To address these problems, ServiceCo's managers agreed on a single budgeting language, which also clearly defined who was responsible for which parts of the budget—an added benefit. But focusing the budget dialogue on the KPIs still didn't get to the root problem: middle management and the controller's office received little direction from top management and were implicitly left to clarify the company's strategic direction themselves. The result was a muddled strategy with no clear connection to the numbers in the budget. Instead of having each unit establish and define its own KPIs and only then aligning strategic plans, top management needed to link the KPIs to the company's strategic direction from the beginning.
Getting to the root cause of so many problems earlier could have saved the company a lot of grief. Once ServiceCo's board and middle management determined the right KPIs, the strategic direction and the budget assumptions were set in less than half a day, which enabled the controller's office and middle management to specify the assumptions behind the budget quickly. The management team did spend more time discussing the company's strategic direction, but that time was well spent. The result was a more streamlined process that reduced the much-despised loops in the process, established clear assumptions for the KPIs up front, and defined each function's business solution space more tightly. The budget was finalized quickly.
Getting started
It takes time to introduce lean-manufacturing principles to a finance function—four to six months to make them stick in individual units and two to three years on an organizational level. A new mind-set and new capabilities are needed as well, and the effort won't be universally appreciated, at least in the beginning.
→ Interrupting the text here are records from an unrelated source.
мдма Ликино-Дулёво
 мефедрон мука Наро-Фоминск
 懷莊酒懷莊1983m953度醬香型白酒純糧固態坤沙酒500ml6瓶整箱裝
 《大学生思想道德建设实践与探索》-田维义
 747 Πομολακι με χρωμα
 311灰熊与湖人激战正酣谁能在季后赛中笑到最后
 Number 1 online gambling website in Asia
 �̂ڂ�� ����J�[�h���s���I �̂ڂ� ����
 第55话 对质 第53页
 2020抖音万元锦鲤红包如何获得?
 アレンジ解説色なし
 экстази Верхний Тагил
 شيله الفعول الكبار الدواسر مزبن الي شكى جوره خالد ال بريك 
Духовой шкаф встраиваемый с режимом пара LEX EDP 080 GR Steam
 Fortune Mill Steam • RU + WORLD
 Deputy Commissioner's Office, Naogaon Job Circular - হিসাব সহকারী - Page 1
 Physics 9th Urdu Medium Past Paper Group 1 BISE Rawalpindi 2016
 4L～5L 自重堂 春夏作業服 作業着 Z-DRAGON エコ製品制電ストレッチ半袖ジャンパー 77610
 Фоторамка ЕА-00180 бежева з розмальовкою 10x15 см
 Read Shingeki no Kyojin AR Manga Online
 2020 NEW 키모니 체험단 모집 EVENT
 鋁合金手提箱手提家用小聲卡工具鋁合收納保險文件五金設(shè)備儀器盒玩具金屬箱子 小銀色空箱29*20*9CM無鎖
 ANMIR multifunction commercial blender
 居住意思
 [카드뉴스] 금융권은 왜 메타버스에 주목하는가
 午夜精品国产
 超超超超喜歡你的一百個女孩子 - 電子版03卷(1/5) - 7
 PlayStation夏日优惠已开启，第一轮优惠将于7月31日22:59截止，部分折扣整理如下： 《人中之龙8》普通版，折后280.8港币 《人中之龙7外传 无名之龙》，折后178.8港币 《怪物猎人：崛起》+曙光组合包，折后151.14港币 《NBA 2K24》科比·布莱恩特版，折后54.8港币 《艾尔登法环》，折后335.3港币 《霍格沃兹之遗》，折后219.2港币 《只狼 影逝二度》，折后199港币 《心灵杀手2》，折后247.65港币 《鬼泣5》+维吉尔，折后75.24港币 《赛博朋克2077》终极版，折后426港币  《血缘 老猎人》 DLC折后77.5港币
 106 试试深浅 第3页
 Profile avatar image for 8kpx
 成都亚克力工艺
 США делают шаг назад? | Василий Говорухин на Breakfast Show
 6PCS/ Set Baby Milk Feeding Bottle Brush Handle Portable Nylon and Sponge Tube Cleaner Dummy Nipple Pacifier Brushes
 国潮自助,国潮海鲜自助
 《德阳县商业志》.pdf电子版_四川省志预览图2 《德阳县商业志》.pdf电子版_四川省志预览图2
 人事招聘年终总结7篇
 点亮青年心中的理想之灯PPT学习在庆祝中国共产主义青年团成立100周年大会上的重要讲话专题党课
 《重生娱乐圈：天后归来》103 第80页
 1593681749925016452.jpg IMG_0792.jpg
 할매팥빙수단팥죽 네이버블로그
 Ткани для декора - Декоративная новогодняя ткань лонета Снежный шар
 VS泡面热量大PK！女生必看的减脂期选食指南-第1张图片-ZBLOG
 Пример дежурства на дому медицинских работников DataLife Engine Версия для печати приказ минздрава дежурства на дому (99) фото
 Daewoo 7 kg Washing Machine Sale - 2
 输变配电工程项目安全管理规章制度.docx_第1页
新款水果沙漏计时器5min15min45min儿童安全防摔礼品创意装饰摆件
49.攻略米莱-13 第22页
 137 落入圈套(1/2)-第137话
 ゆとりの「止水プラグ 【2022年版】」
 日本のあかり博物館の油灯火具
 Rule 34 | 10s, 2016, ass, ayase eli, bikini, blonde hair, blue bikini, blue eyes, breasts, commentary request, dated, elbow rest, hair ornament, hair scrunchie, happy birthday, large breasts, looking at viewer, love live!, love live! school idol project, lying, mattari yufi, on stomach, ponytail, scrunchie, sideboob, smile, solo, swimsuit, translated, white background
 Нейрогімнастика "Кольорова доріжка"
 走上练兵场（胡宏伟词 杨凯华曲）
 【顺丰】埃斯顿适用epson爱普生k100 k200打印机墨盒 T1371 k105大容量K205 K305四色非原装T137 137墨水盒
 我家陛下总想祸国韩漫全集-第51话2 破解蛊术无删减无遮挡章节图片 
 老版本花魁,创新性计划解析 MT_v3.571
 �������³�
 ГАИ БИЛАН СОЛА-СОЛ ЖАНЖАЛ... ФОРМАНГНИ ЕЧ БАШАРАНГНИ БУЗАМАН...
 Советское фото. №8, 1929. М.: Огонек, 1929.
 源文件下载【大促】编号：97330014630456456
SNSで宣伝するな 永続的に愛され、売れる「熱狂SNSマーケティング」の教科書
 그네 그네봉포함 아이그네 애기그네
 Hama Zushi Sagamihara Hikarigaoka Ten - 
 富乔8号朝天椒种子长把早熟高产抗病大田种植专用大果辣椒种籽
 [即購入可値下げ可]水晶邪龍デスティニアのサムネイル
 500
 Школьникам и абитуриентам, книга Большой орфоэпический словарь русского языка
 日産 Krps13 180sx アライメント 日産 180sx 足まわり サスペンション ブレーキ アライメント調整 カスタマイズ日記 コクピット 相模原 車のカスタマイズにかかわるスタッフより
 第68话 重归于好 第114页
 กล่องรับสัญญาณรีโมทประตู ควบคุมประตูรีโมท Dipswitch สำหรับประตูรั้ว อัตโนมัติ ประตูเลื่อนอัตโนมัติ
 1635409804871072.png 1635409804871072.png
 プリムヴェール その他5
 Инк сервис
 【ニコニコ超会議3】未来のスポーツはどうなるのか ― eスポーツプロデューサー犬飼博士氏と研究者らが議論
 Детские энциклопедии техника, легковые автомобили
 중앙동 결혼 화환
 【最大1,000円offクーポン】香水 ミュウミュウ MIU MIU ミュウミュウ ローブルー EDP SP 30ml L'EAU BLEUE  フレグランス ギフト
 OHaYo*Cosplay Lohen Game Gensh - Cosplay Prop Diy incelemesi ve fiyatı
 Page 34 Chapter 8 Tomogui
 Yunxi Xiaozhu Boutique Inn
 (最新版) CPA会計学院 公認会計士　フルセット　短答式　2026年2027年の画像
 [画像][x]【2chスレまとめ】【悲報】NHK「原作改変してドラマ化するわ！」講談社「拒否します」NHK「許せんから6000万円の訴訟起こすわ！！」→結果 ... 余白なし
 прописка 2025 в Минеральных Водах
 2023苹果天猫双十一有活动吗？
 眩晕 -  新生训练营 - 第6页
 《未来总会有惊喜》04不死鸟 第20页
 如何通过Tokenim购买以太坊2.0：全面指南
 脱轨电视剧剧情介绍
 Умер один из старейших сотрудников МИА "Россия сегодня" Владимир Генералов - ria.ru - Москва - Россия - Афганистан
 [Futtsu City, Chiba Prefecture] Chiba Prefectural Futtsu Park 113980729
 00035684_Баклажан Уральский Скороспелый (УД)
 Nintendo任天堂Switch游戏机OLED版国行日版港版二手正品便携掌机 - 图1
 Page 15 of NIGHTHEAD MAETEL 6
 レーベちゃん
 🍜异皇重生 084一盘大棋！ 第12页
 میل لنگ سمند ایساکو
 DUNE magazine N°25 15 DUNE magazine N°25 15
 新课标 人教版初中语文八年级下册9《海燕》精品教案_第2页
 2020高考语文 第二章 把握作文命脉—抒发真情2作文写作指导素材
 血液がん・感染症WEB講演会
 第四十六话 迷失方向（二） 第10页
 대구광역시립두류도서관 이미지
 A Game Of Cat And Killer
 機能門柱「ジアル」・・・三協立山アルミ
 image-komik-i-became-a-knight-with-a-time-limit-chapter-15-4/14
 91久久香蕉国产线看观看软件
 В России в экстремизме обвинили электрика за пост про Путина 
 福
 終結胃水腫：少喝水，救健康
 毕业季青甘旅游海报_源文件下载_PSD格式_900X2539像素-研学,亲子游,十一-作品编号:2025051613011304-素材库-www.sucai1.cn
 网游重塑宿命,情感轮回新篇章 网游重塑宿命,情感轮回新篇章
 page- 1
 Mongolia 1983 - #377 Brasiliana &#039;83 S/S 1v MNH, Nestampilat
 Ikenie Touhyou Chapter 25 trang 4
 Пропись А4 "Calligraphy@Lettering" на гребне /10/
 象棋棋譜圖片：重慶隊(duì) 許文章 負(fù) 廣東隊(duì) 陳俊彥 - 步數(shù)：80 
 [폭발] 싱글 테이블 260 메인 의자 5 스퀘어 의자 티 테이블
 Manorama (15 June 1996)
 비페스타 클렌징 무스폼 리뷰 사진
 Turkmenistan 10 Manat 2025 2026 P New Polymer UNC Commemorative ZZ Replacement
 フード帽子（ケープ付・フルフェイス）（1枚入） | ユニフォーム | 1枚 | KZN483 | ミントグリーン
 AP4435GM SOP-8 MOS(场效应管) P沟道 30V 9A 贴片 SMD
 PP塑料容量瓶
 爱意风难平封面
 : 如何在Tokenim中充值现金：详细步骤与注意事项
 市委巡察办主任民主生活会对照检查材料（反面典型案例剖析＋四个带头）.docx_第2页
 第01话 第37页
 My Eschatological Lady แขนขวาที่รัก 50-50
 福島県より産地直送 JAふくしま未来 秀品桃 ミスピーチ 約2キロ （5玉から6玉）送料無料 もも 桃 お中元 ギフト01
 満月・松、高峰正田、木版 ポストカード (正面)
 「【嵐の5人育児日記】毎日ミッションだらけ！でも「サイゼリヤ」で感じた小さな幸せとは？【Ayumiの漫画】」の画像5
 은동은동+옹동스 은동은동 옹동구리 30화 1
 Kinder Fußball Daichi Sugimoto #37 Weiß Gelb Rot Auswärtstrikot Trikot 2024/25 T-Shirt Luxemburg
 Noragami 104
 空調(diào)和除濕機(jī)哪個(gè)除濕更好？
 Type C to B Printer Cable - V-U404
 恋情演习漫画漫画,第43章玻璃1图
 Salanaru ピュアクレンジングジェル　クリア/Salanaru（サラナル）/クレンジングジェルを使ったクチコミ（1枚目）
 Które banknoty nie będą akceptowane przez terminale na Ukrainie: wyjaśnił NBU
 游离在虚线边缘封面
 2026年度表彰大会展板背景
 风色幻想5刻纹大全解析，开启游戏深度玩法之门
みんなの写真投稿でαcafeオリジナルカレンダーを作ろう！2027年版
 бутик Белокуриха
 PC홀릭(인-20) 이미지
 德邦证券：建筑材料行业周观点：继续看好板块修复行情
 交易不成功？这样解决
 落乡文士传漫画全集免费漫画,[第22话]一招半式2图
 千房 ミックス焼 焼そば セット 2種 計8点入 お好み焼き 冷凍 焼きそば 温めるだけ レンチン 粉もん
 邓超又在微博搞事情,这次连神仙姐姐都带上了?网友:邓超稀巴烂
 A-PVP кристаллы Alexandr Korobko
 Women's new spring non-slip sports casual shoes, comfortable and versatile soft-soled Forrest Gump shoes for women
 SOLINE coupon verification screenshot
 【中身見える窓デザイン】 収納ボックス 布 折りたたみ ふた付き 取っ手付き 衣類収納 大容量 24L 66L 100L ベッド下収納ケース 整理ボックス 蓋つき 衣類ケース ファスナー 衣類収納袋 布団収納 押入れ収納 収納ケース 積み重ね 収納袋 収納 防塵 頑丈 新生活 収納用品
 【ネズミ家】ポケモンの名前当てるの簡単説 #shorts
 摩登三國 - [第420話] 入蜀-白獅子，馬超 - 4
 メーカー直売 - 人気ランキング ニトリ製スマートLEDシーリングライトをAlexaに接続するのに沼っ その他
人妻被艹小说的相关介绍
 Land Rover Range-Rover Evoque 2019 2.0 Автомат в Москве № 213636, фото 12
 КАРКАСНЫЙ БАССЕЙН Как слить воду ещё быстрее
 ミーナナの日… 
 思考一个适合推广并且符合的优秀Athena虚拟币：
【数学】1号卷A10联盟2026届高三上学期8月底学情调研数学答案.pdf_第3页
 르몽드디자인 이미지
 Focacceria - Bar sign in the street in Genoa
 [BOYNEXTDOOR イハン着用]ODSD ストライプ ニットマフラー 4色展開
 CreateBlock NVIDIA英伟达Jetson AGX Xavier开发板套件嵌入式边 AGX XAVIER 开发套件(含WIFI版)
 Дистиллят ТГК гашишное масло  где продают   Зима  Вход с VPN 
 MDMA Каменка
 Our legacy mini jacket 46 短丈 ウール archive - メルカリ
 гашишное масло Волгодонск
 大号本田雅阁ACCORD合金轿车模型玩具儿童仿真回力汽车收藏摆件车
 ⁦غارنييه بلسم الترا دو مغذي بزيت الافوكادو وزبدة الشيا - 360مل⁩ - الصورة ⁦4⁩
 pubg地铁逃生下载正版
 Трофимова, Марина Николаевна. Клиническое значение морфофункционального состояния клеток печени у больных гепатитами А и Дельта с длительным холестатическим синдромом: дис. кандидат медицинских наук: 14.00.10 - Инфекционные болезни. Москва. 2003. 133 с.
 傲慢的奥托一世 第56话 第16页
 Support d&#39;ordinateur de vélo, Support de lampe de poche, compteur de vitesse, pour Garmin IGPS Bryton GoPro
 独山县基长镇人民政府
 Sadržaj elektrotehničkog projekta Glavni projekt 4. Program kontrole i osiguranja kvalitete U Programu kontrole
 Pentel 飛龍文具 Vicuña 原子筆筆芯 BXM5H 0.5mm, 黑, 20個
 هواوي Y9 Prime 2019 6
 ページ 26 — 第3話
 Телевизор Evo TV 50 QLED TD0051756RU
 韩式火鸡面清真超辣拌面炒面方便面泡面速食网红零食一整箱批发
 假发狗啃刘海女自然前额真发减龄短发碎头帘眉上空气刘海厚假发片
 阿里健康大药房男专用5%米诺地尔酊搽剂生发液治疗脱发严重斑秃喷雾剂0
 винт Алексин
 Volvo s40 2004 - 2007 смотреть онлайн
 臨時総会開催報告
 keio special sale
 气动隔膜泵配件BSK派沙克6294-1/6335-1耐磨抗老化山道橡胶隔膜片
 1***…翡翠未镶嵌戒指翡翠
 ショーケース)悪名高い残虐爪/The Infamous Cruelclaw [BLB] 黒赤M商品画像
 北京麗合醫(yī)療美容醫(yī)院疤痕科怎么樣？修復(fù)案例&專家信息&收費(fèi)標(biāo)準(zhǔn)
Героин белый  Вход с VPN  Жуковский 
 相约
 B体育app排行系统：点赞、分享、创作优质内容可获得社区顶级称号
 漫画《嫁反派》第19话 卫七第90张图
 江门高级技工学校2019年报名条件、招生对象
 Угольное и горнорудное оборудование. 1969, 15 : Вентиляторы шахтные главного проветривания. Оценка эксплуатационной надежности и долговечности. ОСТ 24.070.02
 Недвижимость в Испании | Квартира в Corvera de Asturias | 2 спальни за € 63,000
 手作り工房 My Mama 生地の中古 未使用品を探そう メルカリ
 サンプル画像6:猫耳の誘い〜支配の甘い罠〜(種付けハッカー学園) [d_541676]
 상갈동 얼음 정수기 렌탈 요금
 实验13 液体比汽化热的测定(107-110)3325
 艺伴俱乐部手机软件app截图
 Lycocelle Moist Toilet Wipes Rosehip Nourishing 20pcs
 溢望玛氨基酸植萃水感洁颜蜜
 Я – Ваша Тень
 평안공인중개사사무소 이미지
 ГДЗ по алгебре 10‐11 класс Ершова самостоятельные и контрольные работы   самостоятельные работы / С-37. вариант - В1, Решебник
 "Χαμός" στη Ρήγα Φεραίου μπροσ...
Integration tools can be borrowed: in particular, a value stream map can help managers document an entire accounting process end to end and thus illuminate various types of waste, much as it would in manufacturing. Every activity should be examined to see whether it truly contributes value—and to see how that value could be added in other ways. Checking the quality of data, for example, certainly adds value, but the real issue is generating relevant, high-quality data in the first place. The same kind of analysis can be applied to almost any process, including budgeting, the production of management reports, forecasting, and the preparation of tax statements. In our experience, such an analysis shows that controllers spend only a fraction of their time on activities that really add value.
The challenge in developing value stream maps, as one European company found, is striking a balance between including the degree of detail needed for high-level analysis and keeping the resulting process manual to a manageable length. Unlike a 6-page document of summaries or a 5,000-page tome, a complete desk-by-desk description of the process, with some high-level perspective, is useful. So too is a mind-set that challenges one assumption after another.
Ultimately, a leaner finance function will reduce costs, increase quality, and better align corporate responsibilities, both within the finance function and between finance and other departments. These steps can create a virtuous cycle of waste reduction.